FPGA AI Suite: SoC Design Example User Guide

ID 768979
Date 3/29/2024
Public
Document Table of Contents

8.1.2.1. Review of M2M mode

To explain how the buffers are managed in streaming mode, it can help to review the existing flow for M2M mode.

The inference application loads source images from .bmp files into memory allocated from its heap. These buffers are 224x224x3 uint8_t samples (150528 bytes). During the load, the BGR channels are rearranged from interleaved channels into planes.

OpenVINO™ inference requests are created by the application using the inference engine. These inference requests allocate buffers in the on-board EMIF memory. The size of each of these buffers is the size of the input buffer plus the size of the output buffer. The input buffer size depends FPGA AI Suite IP parameters (specified in the .arch file) for which the graph was compiled.

The BGR planar image buffers are attached as input blobs to these OpenVINO™ inference requests, which are then scheduled for execution.

Preprocessing Steps

In M2M mode, the preprocessing steps are performed in software.

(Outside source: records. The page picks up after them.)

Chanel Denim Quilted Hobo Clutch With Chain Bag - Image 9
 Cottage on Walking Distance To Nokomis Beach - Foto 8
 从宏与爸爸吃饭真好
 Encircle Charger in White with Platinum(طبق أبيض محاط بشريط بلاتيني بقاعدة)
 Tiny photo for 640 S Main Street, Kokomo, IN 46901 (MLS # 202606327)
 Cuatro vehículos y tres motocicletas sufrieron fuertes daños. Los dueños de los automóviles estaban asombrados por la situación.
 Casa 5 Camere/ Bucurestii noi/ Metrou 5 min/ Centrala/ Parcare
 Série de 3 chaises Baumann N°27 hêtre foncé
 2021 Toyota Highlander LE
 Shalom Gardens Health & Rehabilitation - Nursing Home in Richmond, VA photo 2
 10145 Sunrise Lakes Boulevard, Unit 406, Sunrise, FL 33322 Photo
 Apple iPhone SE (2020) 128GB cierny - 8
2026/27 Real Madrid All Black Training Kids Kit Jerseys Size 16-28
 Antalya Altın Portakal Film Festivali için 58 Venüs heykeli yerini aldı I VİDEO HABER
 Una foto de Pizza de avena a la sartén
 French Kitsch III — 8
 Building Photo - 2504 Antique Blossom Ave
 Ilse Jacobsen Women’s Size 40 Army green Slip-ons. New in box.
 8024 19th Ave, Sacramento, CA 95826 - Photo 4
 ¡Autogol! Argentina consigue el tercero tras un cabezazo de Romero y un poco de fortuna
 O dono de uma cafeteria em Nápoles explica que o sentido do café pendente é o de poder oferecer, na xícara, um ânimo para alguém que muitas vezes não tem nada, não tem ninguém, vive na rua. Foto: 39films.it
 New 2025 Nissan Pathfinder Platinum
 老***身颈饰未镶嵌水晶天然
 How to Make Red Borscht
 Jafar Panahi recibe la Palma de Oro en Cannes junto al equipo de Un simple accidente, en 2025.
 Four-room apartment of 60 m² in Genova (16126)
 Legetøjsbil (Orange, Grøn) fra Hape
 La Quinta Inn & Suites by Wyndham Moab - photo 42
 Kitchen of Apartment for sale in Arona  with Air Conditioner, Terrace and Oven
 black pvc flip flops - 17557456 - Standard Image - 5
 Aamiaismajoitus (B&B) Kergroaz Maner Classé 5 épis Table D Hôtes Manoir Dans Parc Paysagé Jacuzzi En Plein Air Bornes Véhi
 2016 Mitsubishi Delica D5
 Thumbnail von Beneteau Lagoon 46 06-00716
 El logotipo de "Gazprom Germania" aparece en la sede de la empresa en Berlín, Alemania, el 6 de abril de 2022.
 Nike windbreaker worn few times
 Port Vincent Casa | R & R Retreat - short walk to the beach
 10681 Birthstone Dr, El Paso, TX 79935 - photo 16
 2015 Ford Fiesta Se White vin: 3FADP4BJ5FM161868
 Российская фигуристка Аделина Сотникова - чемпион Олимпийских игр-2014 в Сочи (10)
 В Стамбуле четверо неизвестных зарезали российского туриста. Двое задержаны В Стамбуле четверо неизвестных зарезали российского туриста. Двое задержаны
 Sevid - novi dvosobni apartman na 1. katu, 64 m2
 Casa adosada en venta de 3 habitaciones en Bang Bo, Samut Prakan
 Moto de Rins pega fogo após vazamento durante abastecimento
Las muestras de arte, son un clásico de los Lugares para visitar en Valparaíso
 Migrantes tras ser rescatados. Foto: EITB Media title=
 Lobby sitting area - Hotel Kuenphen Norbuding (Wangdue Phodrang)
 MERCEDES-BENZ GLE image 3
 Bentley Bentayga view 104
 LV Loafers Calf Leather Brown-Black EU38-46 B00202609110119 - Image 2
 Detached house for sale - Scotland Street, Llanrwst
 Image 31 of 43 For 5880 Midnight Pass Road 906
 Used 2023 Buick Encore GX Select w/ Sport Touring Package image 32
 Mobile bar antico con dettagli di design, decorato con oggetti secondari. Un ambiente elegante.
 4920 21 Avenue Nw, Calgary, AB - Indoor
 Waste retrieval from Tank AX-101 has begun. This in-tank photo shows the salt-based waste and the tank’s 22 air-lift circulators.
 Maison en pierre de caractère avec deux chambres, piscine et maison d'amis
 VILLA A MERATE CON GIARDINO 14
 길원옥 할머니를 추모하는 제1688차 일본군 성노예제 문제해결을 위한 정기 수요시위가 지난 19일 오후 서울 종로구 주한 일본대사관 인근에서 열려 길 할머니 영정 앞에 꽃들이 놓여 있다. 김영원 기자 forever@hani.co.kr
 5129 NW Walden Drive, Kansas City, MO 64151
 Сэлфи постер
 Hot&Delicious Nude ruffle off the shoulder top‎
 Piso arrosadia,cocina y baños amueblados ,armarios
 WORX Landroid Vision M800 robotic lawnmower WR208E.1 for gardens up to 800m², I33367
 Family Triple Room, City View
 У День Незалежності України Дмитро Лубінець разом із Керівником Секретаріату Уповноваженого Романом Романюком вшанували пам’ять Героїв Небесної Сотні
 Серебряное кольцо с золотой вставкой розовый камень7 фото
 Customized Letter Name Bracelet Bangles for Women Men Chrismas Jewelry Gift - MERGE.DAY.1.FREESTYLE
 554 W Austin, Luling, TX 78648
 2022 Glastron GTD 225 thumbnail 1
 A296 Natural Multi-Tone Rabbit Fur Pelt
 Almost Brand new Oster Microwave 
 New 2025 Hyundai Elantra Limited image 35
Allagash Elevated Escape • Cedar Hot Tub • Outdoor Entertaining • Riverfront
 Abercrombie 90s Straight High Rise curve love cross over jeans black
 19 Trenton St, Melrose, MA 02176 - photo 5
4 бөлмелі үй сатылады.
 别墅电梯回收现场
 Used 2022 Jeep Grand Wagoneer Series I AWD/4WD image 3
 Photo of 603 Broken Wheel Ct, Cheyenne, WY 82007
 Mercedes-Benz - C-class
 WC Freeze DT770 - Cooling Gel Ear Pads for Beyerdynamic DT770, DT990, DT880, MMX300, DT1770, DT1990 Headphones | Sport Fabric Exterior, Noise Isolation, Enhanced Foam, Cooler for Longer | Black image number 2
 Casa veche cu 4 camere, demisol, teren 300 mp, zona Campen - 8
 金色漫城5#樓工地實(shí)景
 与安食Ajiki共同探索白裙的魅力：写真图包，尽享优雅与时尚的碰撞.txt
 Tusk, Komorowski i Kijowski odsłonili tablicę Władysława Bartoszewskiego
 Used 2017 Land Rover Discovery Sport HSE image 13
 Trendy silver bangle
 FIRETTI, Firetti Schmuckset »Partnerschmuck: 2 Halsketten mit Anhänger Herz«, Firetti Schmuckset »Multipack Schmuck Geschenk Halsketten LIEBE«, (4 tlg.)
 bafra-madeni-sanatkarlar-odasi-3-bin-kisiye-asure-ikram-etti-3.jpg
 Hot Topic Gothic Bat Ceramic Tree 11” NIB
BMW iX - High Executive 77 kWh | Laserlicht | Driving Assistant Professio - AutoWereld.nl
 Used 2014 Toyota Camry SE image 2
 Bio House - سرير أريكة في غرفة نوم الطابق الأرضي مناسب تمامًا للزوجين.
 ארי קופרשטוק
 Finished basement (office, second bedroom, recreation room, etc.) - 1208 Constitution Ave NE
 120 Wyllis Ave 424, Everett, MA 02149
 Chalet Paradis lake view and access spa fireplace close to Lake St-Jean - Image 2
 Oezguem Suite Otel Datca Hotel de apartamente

  • The samples are converted to 32-bit floating point, and the mean G, B and R values of the imagenet dataset are subtracted from each sample accordingly.
  • The samples are converted to 16-bit floating point.
  • A layout transform then maps these samples into a larger buffer which has padding, in the layout expected by the FPGA AI Suite.

Inference Execution Steps

  • The transformed image is written directly to board memory at its allocated address.
  • The FPGA AI Suite IP CSR registers are programmed to schedule the inference.
  • The FPGA AI Suite OpenVINO™ plugin monitors the completion count register (located on the FPGA AI Suite IP), either by polling or receiving an interrupt, and waits until the count increments.
  • The results buffer (2048 bytes) is read directly from the EMIF on the board to HPS memory.

Postprocessing Steps

  • The samples in the results buffer (1001 16-bit floating point values) are converted to 32-bit floating point.
  • The inference application receives these buffers, sorts them, and collects the top five results.